# Goal of the exercise:
This exercise calls for the whole listing to be given again exactly, without images.

** Opening Data supplied block **

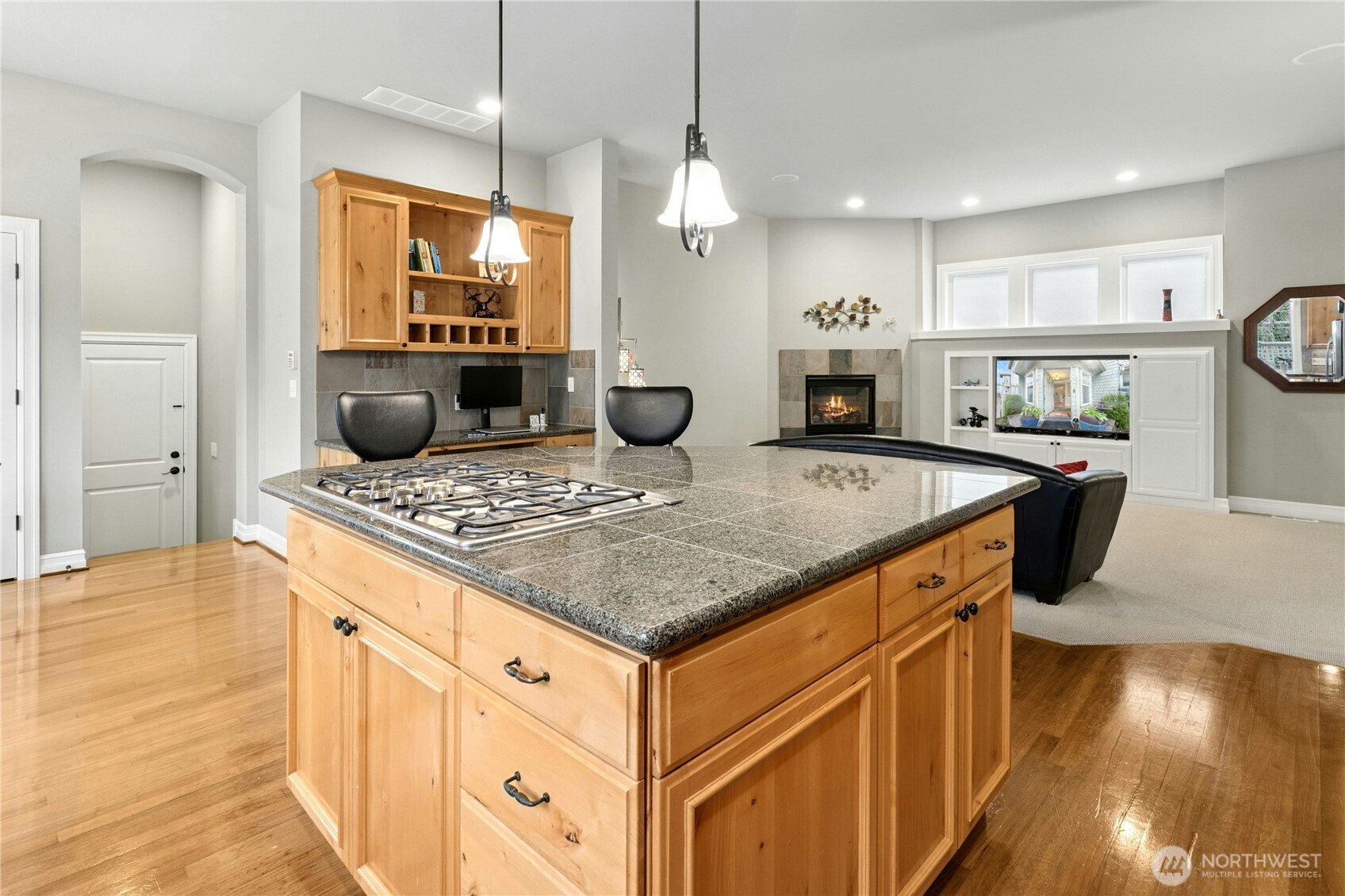 2411 30th Avenue NE, Issaquah, WA 98029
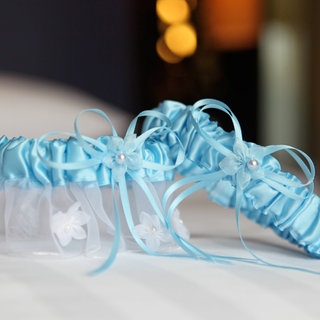 Strumpfband der Braut am Hochzeitstag. Symbolfoto.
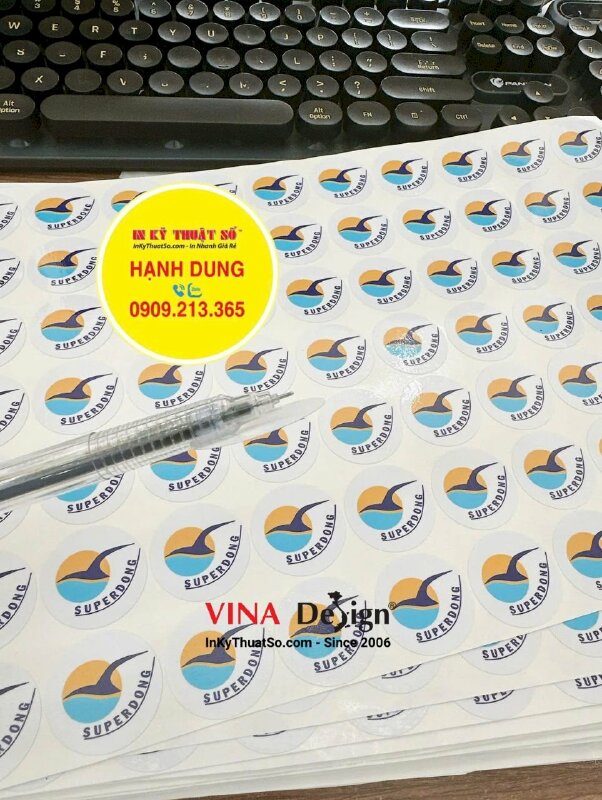 In tem dán áo logo cho sự kiện công ty tàu cao tốc, tem tròn 3cm decal sữa - INKTS3462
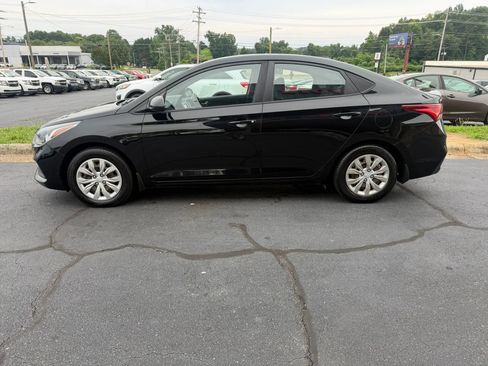 Used 2019 Hyundai Accent SE FWD image 3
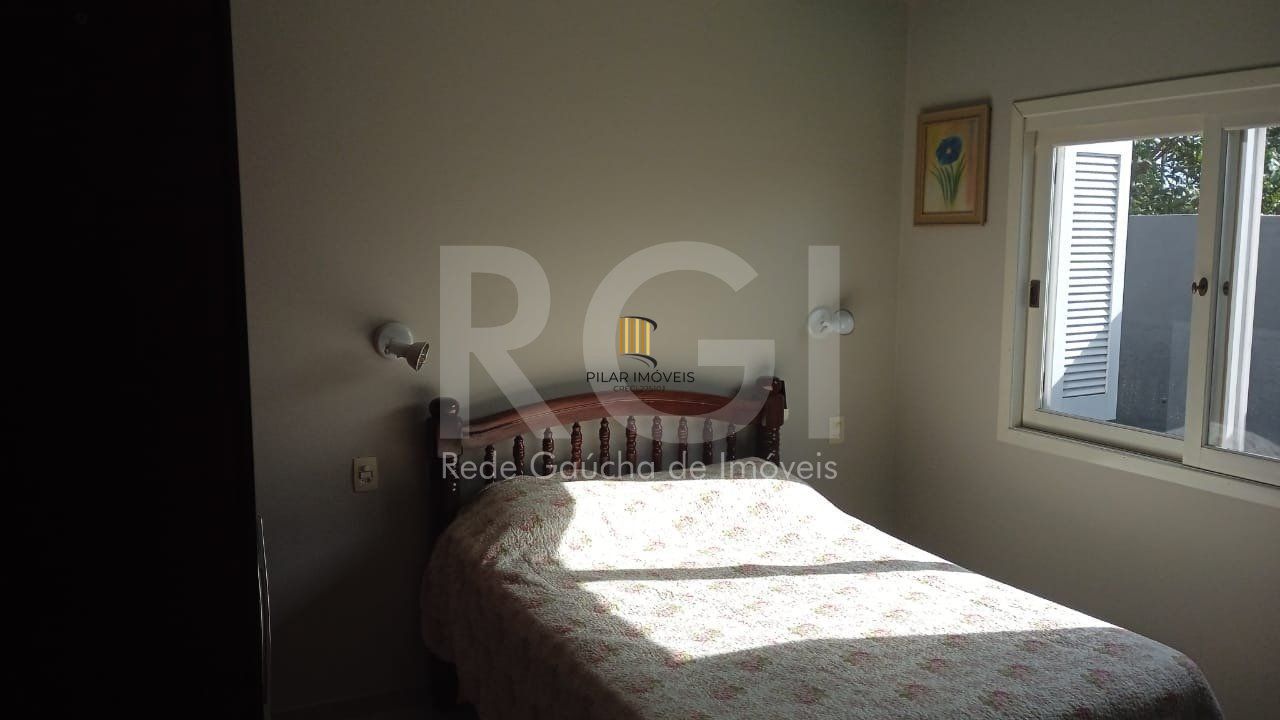 Casa para Venda - 90m², 3 dormitórios, 4 vagas - Maria Regina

** Closing Data supplied block **

# Exercise response:
 2411 30th Avenue NE, Issaquah, WA 98029
 Strumpfband der Braut am Hochzeitstag. Symbolfoto.
 In tem dán áo logo cho sự kiện công ty tàu cao tốc, tem tròn 3cm decal sữa - INKTS3462
 Used 2019 Hyundai Accent SE FWD image 3
 Casa para Venda - 90m², 3 dormitórios, 4 vagas - Maria Regina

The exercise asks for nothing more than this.